What needs to be done: The exercise calls for exact output of the lines between the one that contains "Female Light Knight with Hood" and the end of the data, with both ends kept and pictures left out.

···

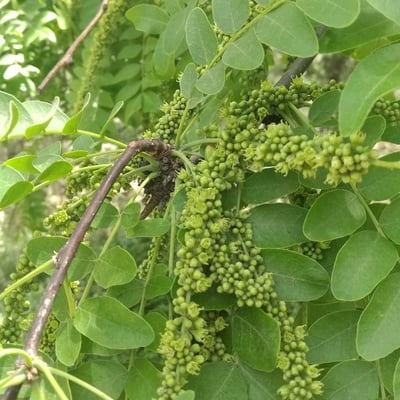 Gleditsia sinensis — flower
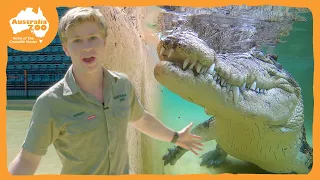 Robert Irwin shows us the real stars of the show | Irwin Family Adventures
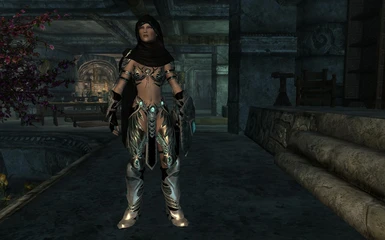 Female Light Knight with Hood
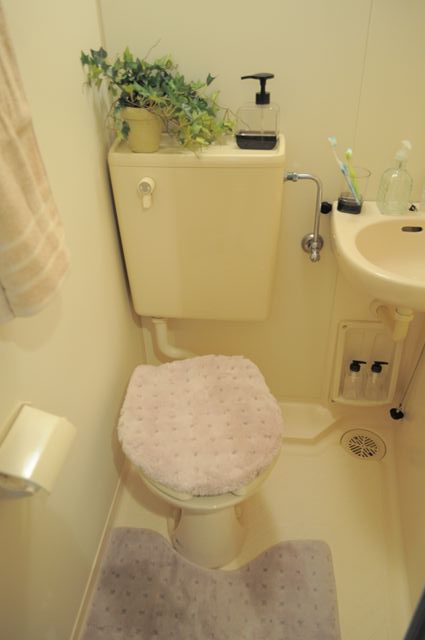 Toilet. model room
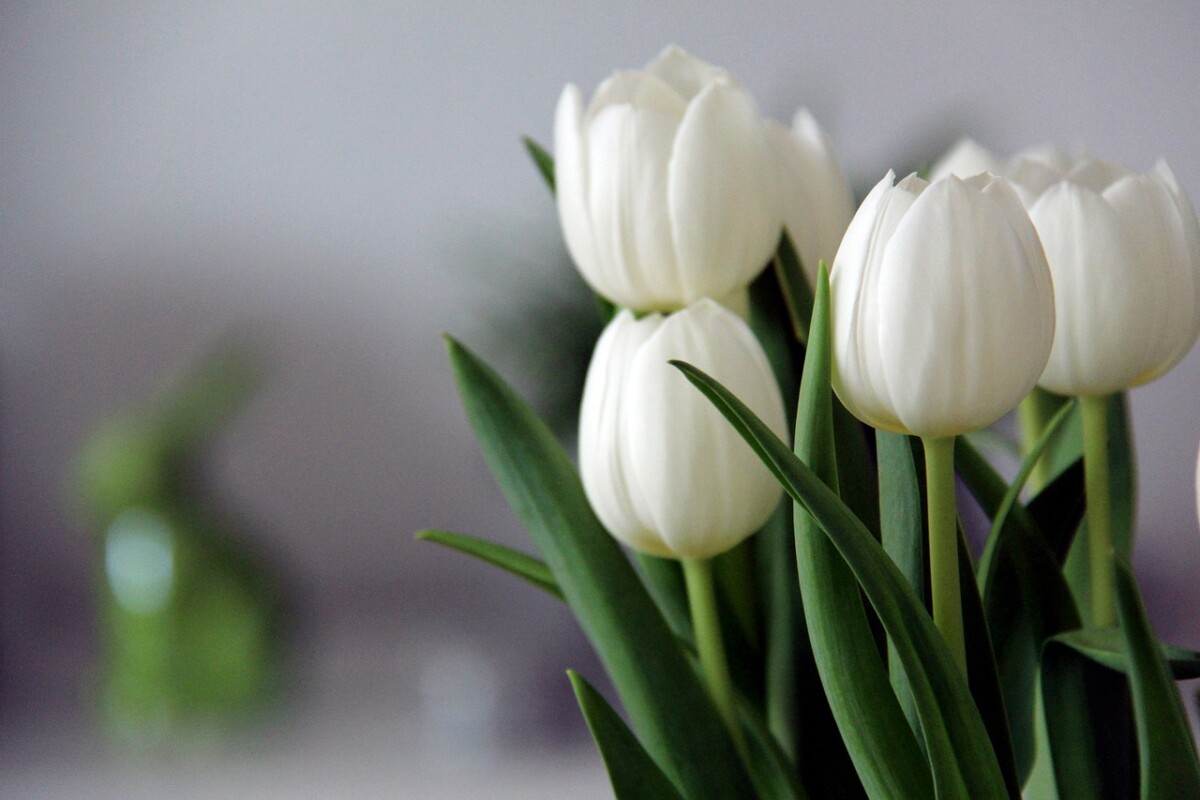 tulips, flower background, flowers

···

Task answer:
 Female Light Knight with Hood
 Toilet. model room
 tulips, flower background, flowers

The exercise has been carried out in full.